>Zoey is a biter. Until recently, she kept her victims within the family unit (me, Demetri, Gilmore, Boomer). But things are going down hill. Rapidly. She used to bite when overwhelmed or as an exploration, only testing her teeth on toys or the occasional flesh. Now she bites when things are not going her way. Which is most of the time. Like when she isn’t allowed to stand on the kitchen table or is told no, she can’t play with the chain saw in the garage. Or when it’s nap time. Or when she wants the red sippy cup instead of the blue one. And she bites hard. Blood has been shed.
A few weeks ago Niki sent me this article, When Babies Attack
. I’ve been reading it to make myself feel better . . . At least Zoey hasn’t bitten off my nipple or removed chunks of skin from my cheek. And then yesterday happened. We were sitting in the play room. Zoey was playing with a puzzle and looking at some books. I was sitting in the chair typing on the laptop. She stood up, tickled my feet, and then put my toe in her mouth, holding it firmly but gently between her teeth. I said the obvious: “NO. No biting.” She looked at me, and I swear she smiled a bit. Then she bit. Hard.

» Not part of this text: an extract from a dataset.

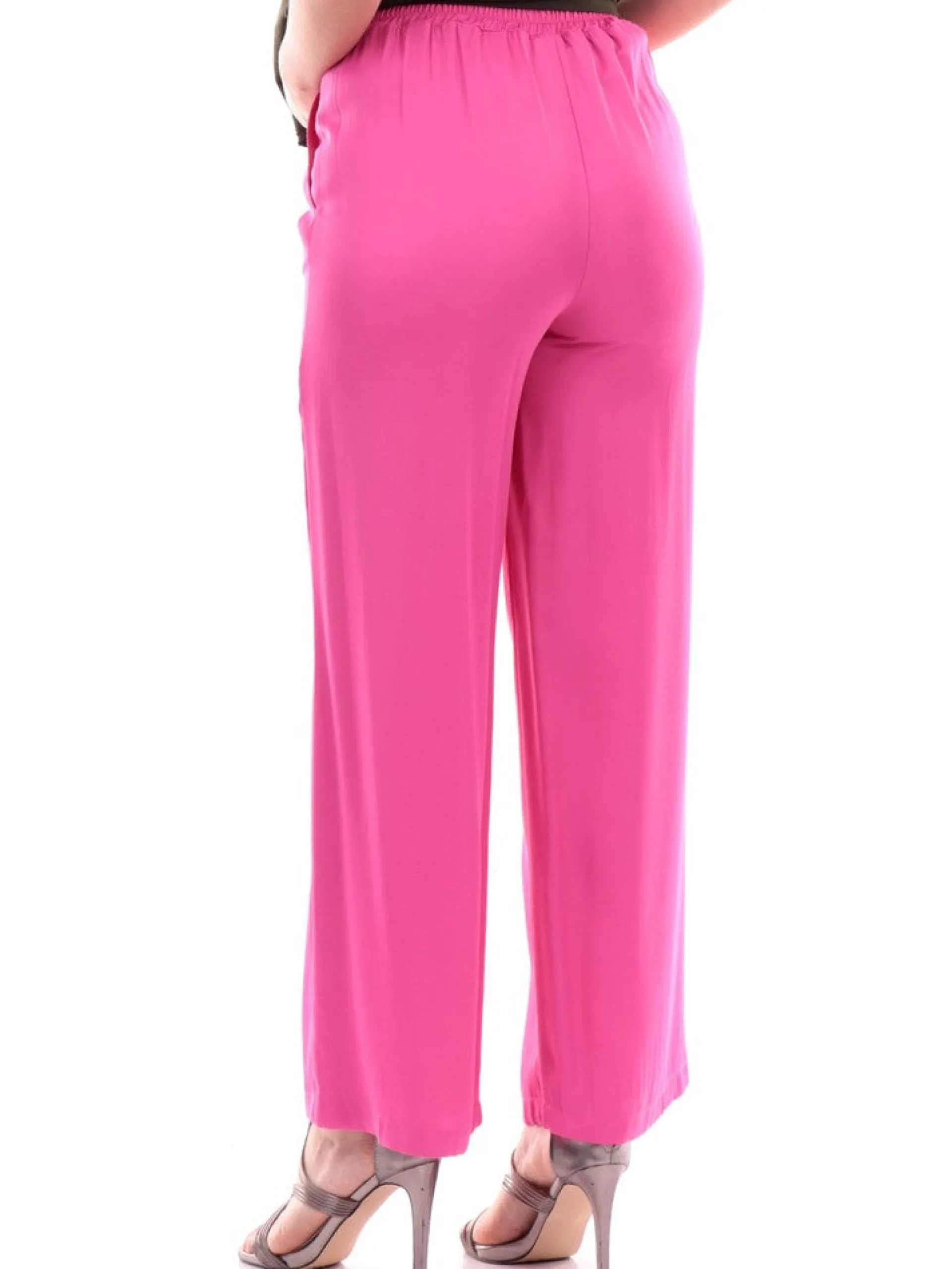 WUSIDE Pantaloni*Pantaloni palazzo Wu'Side fucsia da donna a zampa 23797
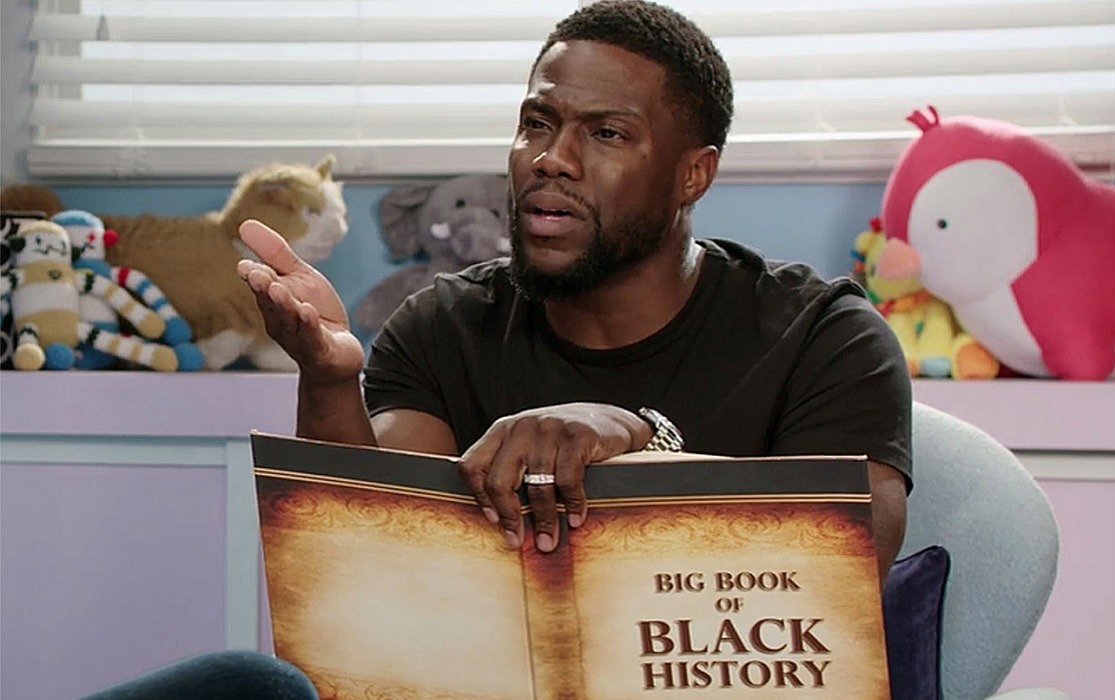 Cena do filme 'Kevin Hart's Guide to Black History' -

My first reaction, after seeing that my toe was still attached, was anger. And not just a little bit of anger either. I had visions of grabbing Zoey, shaking her a bit, and screaming NO BITING! I didn’t do it. I left her in the playroom and walked away. Thank god. Then I sat at the table, head in my hands, and cried while Zoey screamed and raged from 15 feet away. I know that as I parent I’m not supposed to admit that I feel things like anger, let alone have visions of shaking my child. But I did. And I have to believe I’m not the only one.
Obviously, the line between thinking about grabbing/shaking my child and actually doing it is an important one. And one I have never crossed. But being close to that line feels . . . terrible. It is the worst of me as a person and as a mother. It’s one of those dirty little secrets that most people think should never be spoken about. But honestly, I’m tired of keeping the secret. I know I’m supposed to say that being a mom is wonderful and that every moment with Zoey is blissful. I’m supposed to say that there’s nothing I would rather do. In the big picture, that’s true — I wouldn’t trade my Reign as Mom for anything. But day to day? Um, hell yes I would rather read my book than read the picture dictionary for the 8th time. I would rather eat bon bons on the couch than change another poopy diaper. I would rather keep all my current appendages and skin that covers them than be bit several times a day. Is anyone seriously going to judge me for that? Probably.
But this post isn’t for those people. This blog isn’t for those people. This is for the women who tell it like it is. Motherhood is hard. We get angry. We think bad thoughts. We show amazing restraint. We say, I’ve been there. We tell each other we’re doing OK. And we laugh. Sometimes a little too loud or a little too long. Maybe until we cry. We laugh because this journey is so fucking hard and it’s good to have company*.
*Much thanks and love to Niki, Kara, and Demetri for all their support yesterday.